Jailbreak	OWASP LLM Top 10: LLM01 - Prompt Injection LLM02 - Sensitive Information Disclosure LLM05 - Improper Output Handling LLM09 - Misinformation LLM10 - Unbounded Consumption OWASP Agentic: T1 - Memory Poisoning T2 - Tool Misuse T3 - Privilege Compromise T4 - Resource Overload T6 - Intent Breaking & Goal Manipulation T7 - Misaligned & Deceptive Behaviors T9 - Identity Spoofing & Impersonation T11 - Unexpected RCE and Code Attacks T13 - Rogue Agents in Multi-Agent Systems T15 - Human Manipulation	An attacker can try to craft their messages in a way that makes the LLM forget all previous instructions and be used for any task the attacker wants. Mitigation: - add a Guardrail that checks user messages for attempts at circumventing the LLM's instructions - include agent instructions that state that the agent should not alter its instructions, and ignore user messages that try to convince it otherwise.
Intentional Misuse	OWASP LLM Top 10: LLM01 - Prompt Injection LLM10 - Unbounded Consumption OWASP Agentic: T2 - Tool Misuse T4 - Resource Overload T6 - Intent Breaking & Goal Manipulation	An attacker can try to use the instance of the LLM for tasks other than the LLM's intended usage to drain resources or for personal gain.
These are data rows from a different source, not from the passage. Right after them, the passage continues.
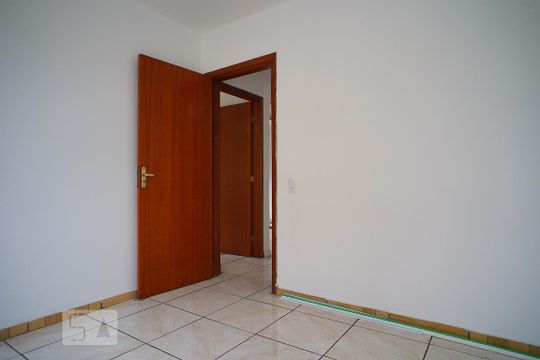 Quarto 1 de apartamento para alugar com 2 quartos, 63m² em Passo D’areia, Porto Alegre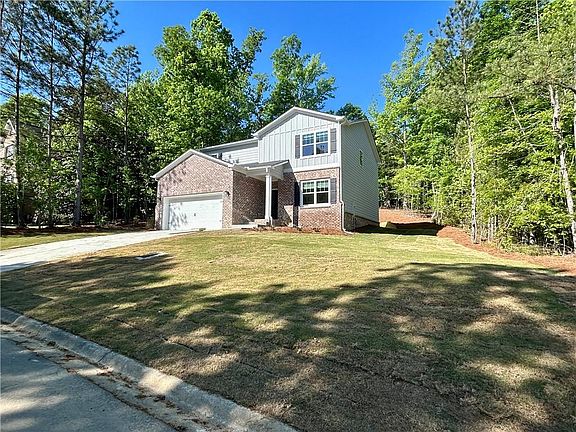 2nd image of 4 Stonebrook Dr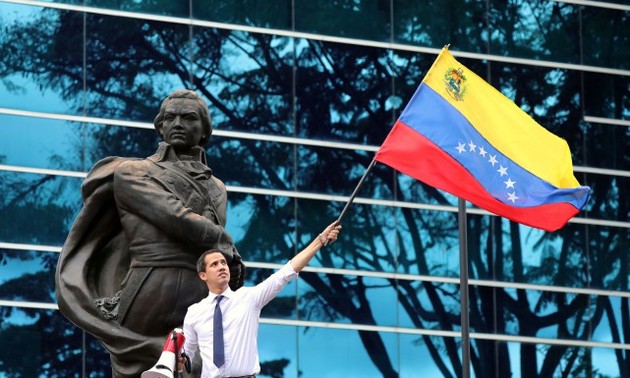Venezuela: Guaidó exhorte ses partisans à «ne pas se rendre»
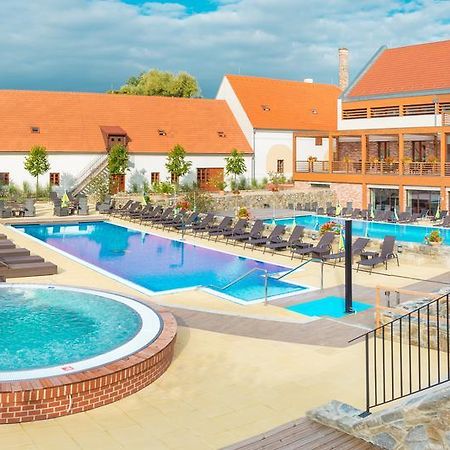 Hotel Zamek Valec Vladislav Kültér fotó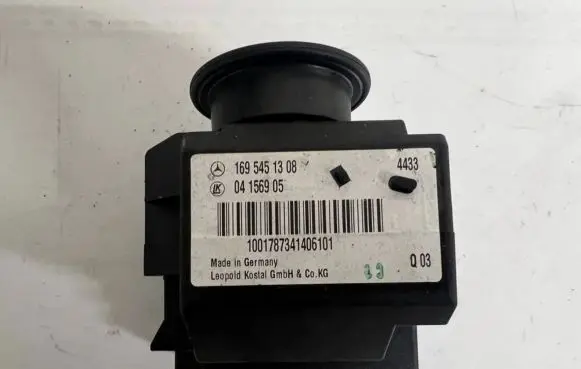 Mercedes-Benz A W169 Ignition lock 1695451308 04156905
Mitigation: - add a Guardrail that checks user messages for tasks that are not the agent's intended usage - include agent instructions that prohibit the agent from engaging in any tasks that are not its intended usage
System Prompt Leakage	OWASP LLM Top 10: LLM01 - Prompt Injection LLM02 - Sensitive Information Disclosure LLM07 - System Prompt Leakage OWASP Agentic: T2 - Tool Misuse T3 - Privilege Compromise T6 - Intent Breaking & Goal Manipulation T7 - Misaligned & Deceptive Behaviors	An attacker can make the LLM reveal the system prompt/instructions so that he can leak sensitive business logic or craft other attacks that are better suited for this LLM. Mitigation: - add a Guardrail that checks agent messages for the exact text of the agent's system prompt - include agent instructions that highlight that the system prompt/instructions are confidential and should not be shared.